Now it's time to train. We will do this with the `model.fit()` from analytics zoo. Notice the Keras-like `.fit` semantics.

In [None]:
%%time
# Train the model
print("Training begins.")
model.fit(
    train_x.values,
    train_y.values,
    batch_size=500,
    nb_epoch=2)
print("Training completed.")

In [None]:
predictions = model.predict(test_x.values)

## Evaluate the model.

Let us check to see how the model did, using accuracy as a measure.

In [42]:
from sklearn.metrics import accuracy_score
import numpy as np
accuracy_score(test_y, np.rint(np.concatenate(predictions.collect())))

0.6794304561177701

The results indicate that we get 67% accuracy, meaning we are right 2/3 of the time.

##  Improve Accuracy

### Add more features
Look at the schema of the full dataset.  Are there any columns you want to add?
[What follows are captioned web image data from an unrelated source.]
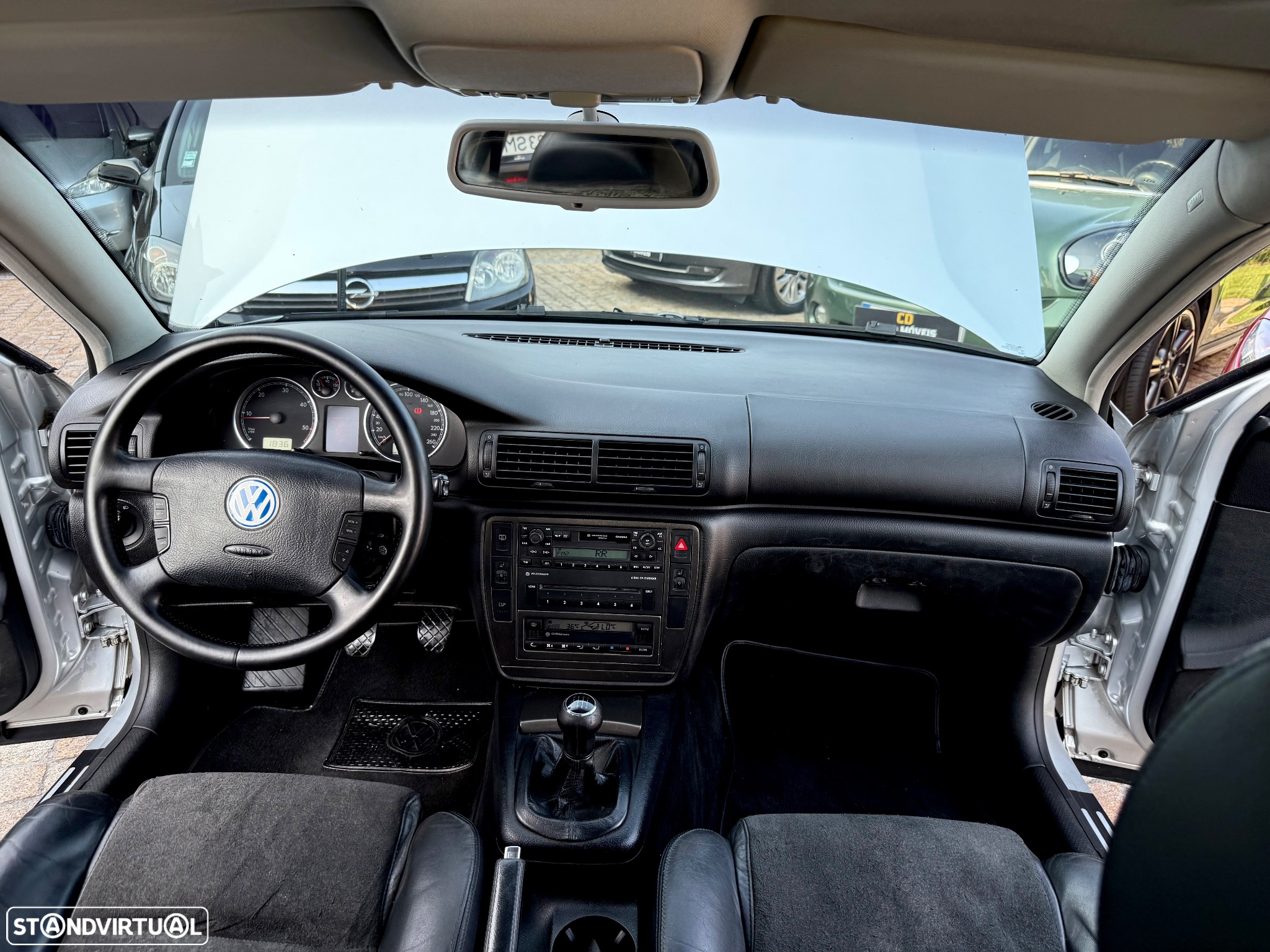 VW Passat Variant 1.9 TDi Highline - 8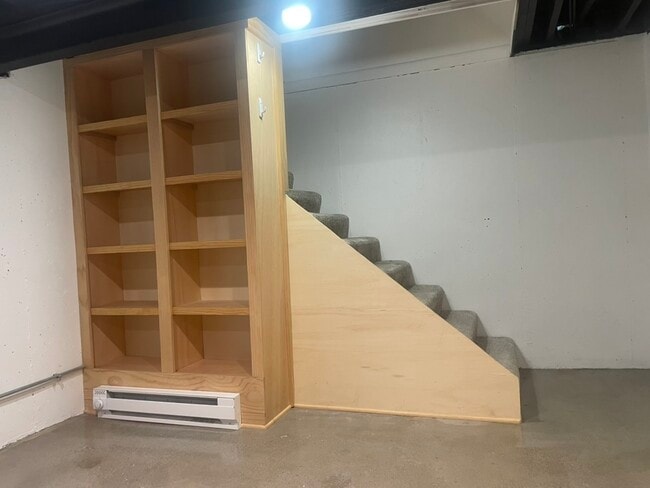 2242 Prospect Ave NE, Unit Lower Unit in Grand Rapids, MI - Foto de edificio - Building Photo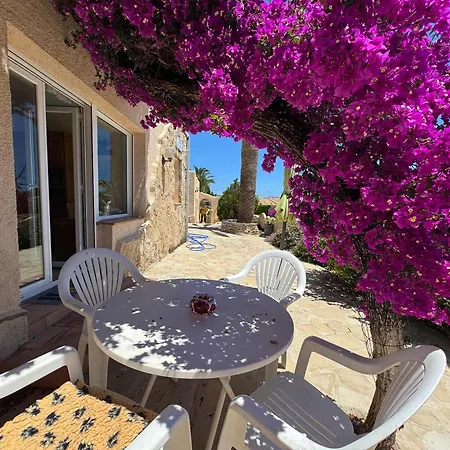 Beautiful With Private Pool And Seaview 빌라 테울라다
Make sure you up the number of neurons in the hidden layer as you add more features.

## Conclusion

1. Models can be used for both Classification and regression
2. Classification ususally uses a loss function of cross-entropy rather than MSE.
3. A Multilayer Peceptron network can be built with Keras style `Dense` layers.